* _DATA EXCERPT_:
....

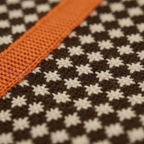 Cotton Turtleneck with Cross Pattern and Orange Sleeves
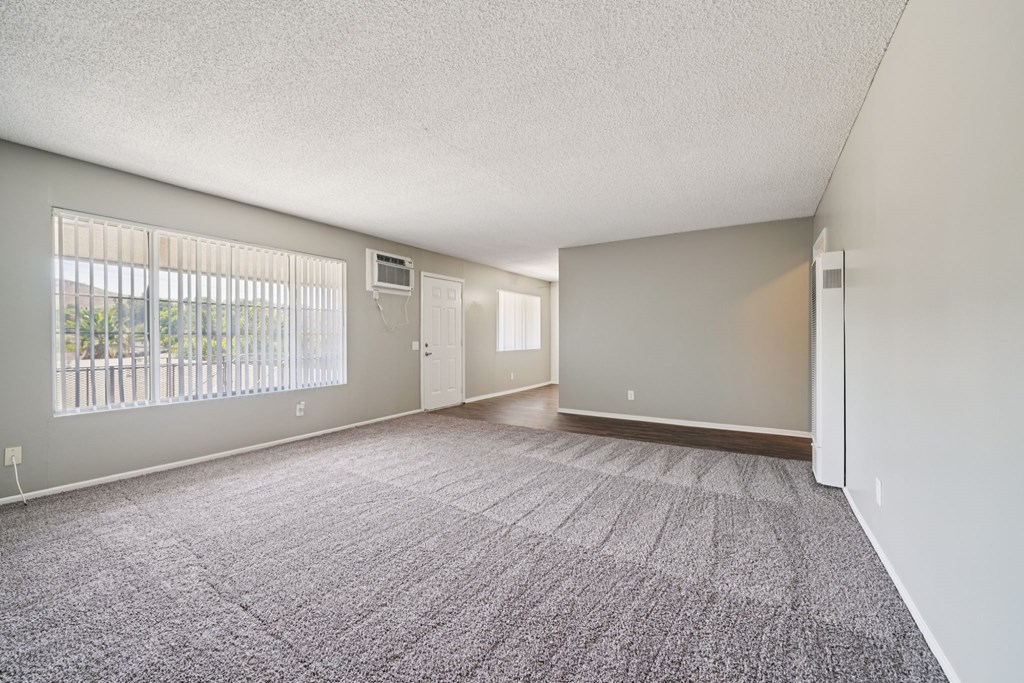 A spacious room with a carpeted floor and a window with blinds.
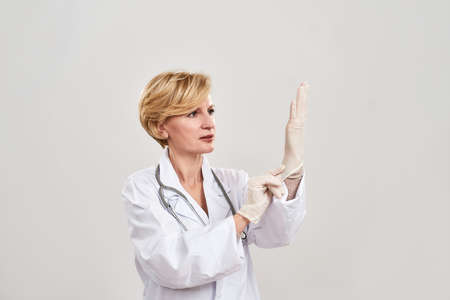 Mature female doctor putting latex glove on handの写真素材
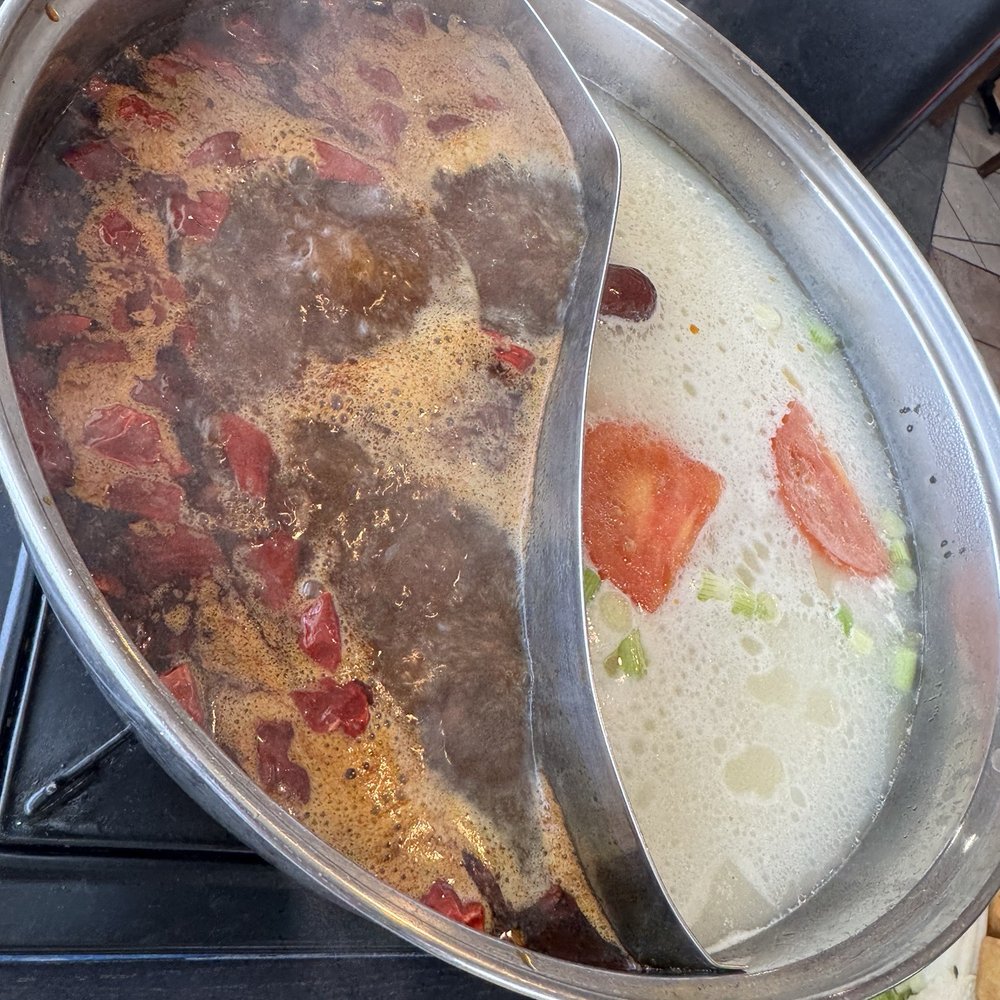 Szechuan House - Half spicy half creamy hotpot broth - Chinese Near Me - Columbia, Missouri Szechuan House - Half spicy half creamy hotpot broth - Chinese Near Me - Columbia, Missouri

....

* _GOAL OF THE EXERCISE_: Copy out all of the material exactly as written, without its pictures.

* _RESPONSE AREA_:
 Cotton Turtleneck with Cross Pattern and Orange Sleeves
 A spacious room with a carpeted floor and a window with blinds.
 Mature female doctor putting latex glove on handの写真素材
 Szechuan House - Half spicy half creamy hotpot broth - Chinese Near Me - Columbia, Missouri Szechuan House - Half spicy half creamy hotpot broth - Chinese Near Me - Columbia, Missouri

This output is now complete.